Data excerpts
= = =

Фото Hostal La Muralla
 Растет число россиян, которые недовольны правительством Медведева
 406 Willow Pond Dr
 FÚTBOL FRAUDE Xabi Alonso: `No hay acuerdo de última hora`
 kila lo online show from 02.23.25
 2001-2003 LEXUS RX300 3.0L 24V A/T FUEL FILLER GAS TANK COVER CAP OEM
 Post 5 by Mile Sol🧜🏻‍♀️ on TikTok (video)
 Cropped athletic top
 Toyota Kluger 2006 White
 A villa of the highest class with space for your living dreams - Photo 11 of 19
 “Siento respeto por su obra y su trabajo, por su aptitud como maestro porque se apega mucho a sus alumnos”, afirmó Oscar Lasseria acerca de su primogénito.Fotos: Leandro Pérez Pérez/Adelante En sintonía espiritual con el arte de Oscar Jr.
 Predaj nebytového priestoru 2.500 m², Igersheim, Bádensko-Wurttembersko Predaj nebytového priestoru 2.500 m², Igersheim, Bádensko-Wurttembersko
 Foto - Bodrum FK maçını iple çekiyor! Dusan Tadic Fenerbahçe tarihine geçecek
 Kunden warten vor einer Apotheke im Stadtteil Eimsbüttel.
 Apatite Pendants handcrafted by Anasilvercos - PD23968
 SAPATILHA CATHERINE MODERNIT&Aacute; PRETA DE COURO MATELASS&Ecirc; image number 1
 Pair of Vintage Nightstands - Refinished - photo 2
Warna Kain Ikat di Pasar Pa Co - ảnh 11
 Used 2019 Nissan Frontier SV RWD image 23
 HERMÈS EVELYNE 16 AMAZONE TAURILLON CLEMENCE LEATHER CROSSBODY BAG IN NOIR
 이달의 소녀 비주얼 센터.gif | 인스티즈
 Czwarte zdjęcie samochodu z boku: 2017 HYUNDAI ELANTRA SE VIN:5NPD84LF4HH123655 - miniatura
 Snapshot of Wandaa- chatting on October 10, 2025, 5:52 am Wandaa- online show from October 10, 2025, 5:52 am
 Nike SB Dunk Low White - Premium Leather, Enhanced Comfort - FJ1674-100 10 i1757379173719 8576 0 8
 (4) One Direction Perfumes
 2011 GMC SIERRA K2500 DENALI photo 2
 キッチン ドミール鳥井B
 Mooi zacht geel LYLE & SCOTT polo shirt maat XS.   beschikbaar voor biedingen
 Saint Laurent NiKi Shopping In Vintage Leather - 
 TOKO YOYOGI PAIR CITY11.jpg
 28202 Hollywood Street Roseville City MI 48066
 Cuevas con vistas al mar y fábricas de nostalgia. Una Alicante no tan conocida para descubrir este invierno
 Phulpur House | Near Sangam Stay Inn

= = =

Brief ::
Every record must appear in the answer exactly as it does above.

Result for this exercise ::
Фото Hostal La Muralla
 Растет число россиян, которые недовольны правительством Медведева
 406 Willow Pond Dr
 FÚTBOL FRAUDE Xabi Alonso: `No hay acuerdo de última hora`
 kila lo online show from 02.23.25
 2001-2003 LEXUS RX300 3.0L 24V A/T FUEL FILLER GAS TANK COVER CAP OEM
 Post 5 by Mile Sol🧜🏻‍♀️ on TikTok (video)
 Cropped athletic top
 Toyota Kluger 2006 White
 A villa of the highest class with space for your living dreams - Photo 11 of 19
 “Siento respeto por su obra y su trabajo, por su aptitud como maestro porque se apega mucho a sus alumnos”, afirmó Oscar Lasseria acerca de su primogénito.Fotos: Leandro Pérez Pérez/Adelante En sintonía espiritual con el arte de Oscar Jr.
 Predaj nebytového priestoru 2.500 m², Igersheim, Bádensko-Wurttembersko Predaj nebytového priestoru 2.500 m², Igersheim, Bádensko-Wurttembersko
 Foto - Bodrum FK maçını iple çekiyor! Dusan Tadic Fenerbahçe tarihine geçecek
 Kunden warten vor einer Apotheke im Stadtteil Eimsbüttel.
 Apatite Pendants handcrafted by Anasilvercos - PD23968
 SAPATILHA CATHERINE MODERNIT&Aacute; PRETA DE COURO MATELASS&Ecirc; image number 1
 Pair of Vintage Nightstands - Refinished - photo 2
Warna Kain Ikat di Pasar Pa Co - ảnh 11
 Used 2019 Nissan Frontier SV RWD image 23
 HERMÈS EVELYNE 16 AMAZONE TAURILLON CLEMENCE LEATHER CROSSBODY BAG IN NOIR
 이달의 소녀 비주얼 센터.gif | 인스티즈
 Czwarte zdjęcie samochodu z boku: 2017 HYUNDAI ELANTRA SE VIN:5NPD84LF4HH123655 - miniatura
 Snapshot of Wandaa- chatting on October 10, 2025, 5:52 am Wandaa- online show from October 10, 2025, 5:52 am
 Nike SB Dunk Low White - Premium Leather, Enhanced Comfort - FJ1674-100 10 i1757379173719 8576 0 8
 (4) One Direction Perfumes
 2011 GMC SIERRA K2500 DENALI photo 2
 キッチン ドミール鳥井B
 Mooi zacht geel LYLE & SCOTT polo shirt maat XS.   beschikbaar voor biedingen
 Saint Laurent NiKi Shopping In Vintage Leather - 
 TOKO YOYOGI PAIR CITY11.jpg
 28202 Hollywood Street Roseville City MI 48066
 Cuevas con vistas al mar y fábricas de nostalgia. Una Alicante no tan conocida para descubrir este invierno
 Phulpur House | Near Sangam Stay Inn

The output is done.